Dla pana Krzysztofa Boguszewskiego, hodowcy bydła mlecznego z podlaskiej Suchowoli, nowy rok przyniósł radykalną obniżkę ceny za litr mleka.
– Dostaliśmy nowy cennik, że mleko zostało nam obniżone o około 45 groszy – wskazał Krzysztof Boguszewski.
MlekPol, jedna z największych spółdzielni mleczarskich, obniżył cenę o ponad 40 groszy. Z kolei Polmlek i OSM Końskie dadzą o 30 groszy mniej swoim dostawcom. Taki spadek cen – praktycznie z dnia na dzień – zrodził pytania wśród rolników o przyszłość i rentowność produkcji.
– To jest cena na minimum, bo koszty produkcji nam nie spadły. Dla mojego gospodarstwa to jest spadek miesięcznie w granicach 10-12 tysięcy złotych – podkreślał Krzysztof Boguszewski.
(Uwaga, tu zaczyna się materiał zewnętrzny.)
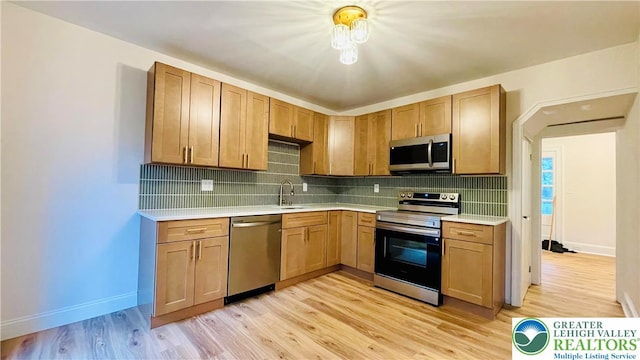 kitchen with appliances with stainless steel finishes, light countertops, a sink, light wood-type flooring, and tasteful backsplash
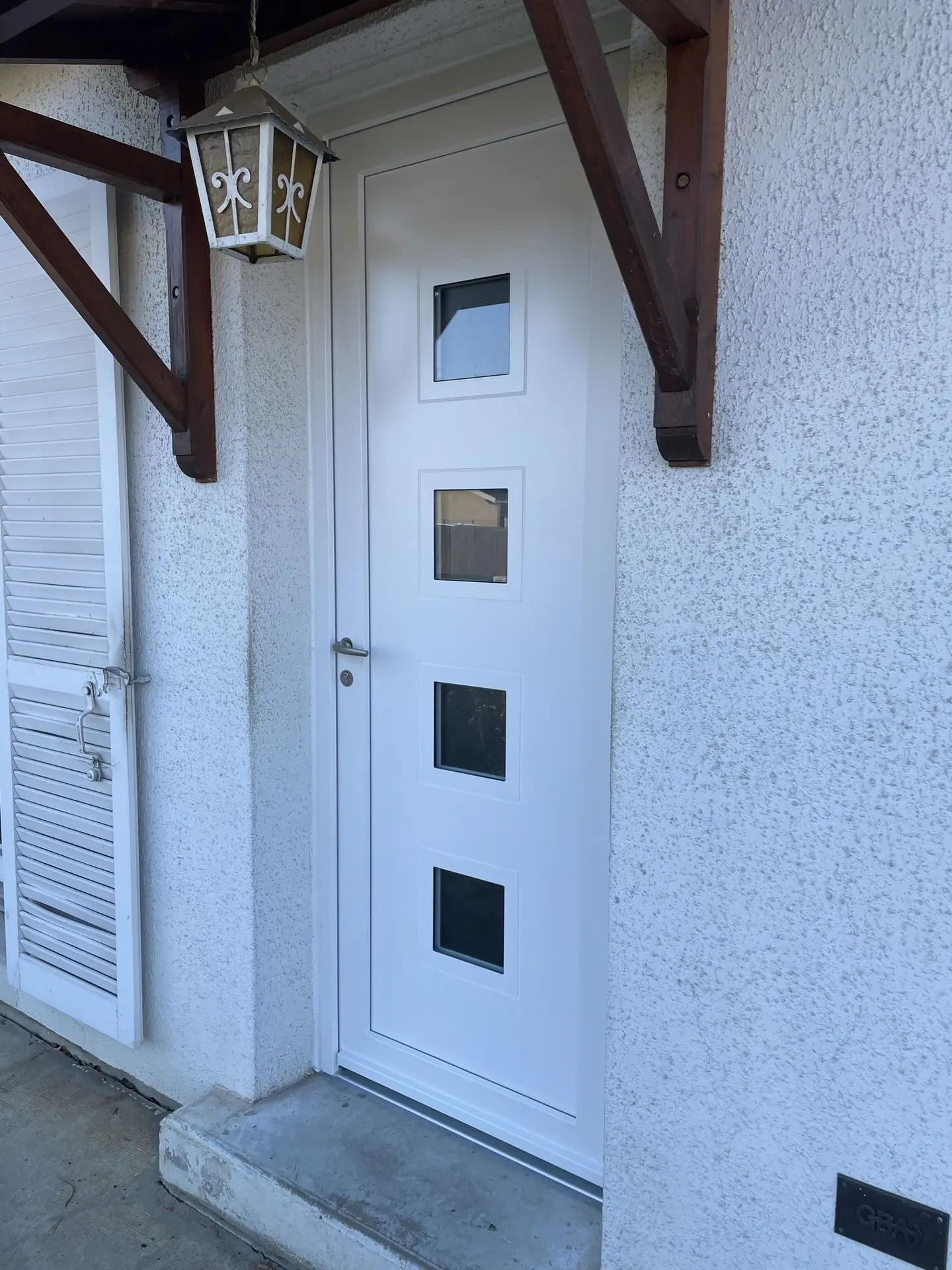 Porte d’entrée aluminium acier sécurité renforcé finition grande hauteur pivot coulissante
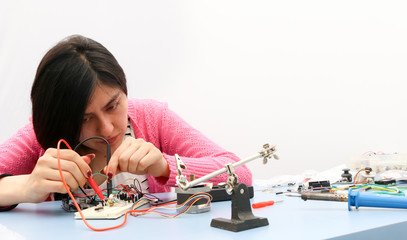 Young electronics student learning about basic PCB connection and robotics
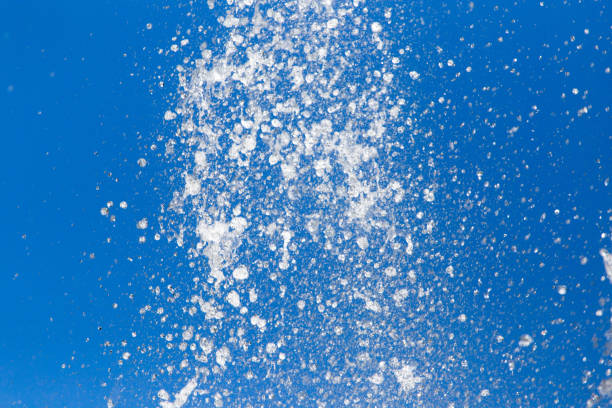 istock Splashing water against the blue sky 694508932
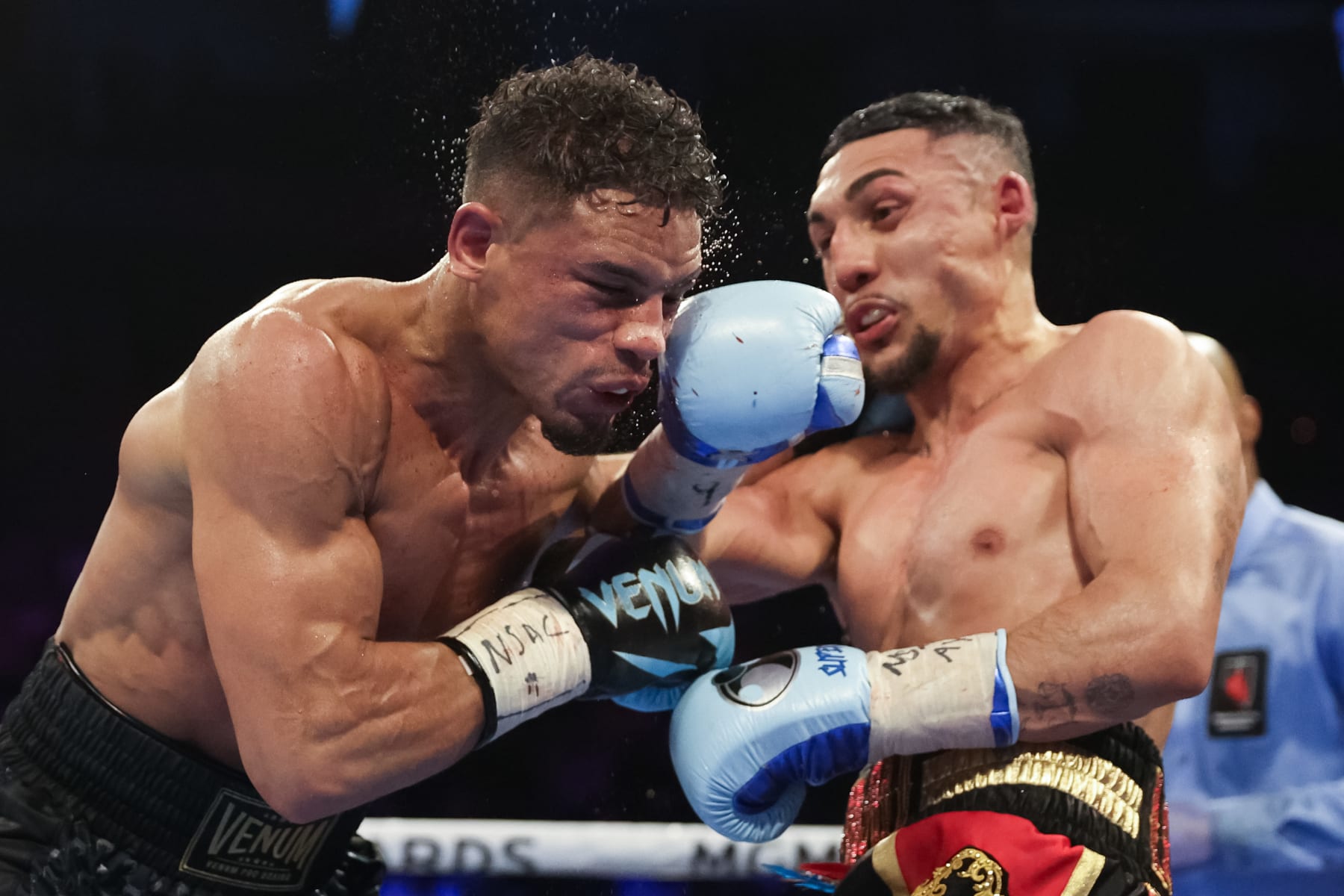 LAS VEGAS, NEVADA - FEBRUARY 08: Teofimo Lopez exchanges punches with Jamaine Ortiz for the WBO junior welterweight title at Michelob ULTRA Arena on February 08, 2024 in Las Vegas, Nevada. (Photo by Jamie Squire/Getty Images)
Na obniżenie ceny skupu mleka wpływa kilka czynników. Przede wszystkim na rynkach światowych obserwuje się załamanie cen produktów mleczarskich, których ceny dołują z tygodnia na tydzień. Kolejną przyczyną jest handel z Chinami – wymieniał zastępca Przewodniczącego NSZZ Rolników Indywidualnych „Solidarność”, Aleksander Tadych.
– Handel z Chinami na dzisiaj praktycznie nie istnieje. Przez ostatnie dwa lata Chiny skupowały bardzo dużo produktów mlecznych, szczególnie mleka w proszku – mówił Aleksander Tadych.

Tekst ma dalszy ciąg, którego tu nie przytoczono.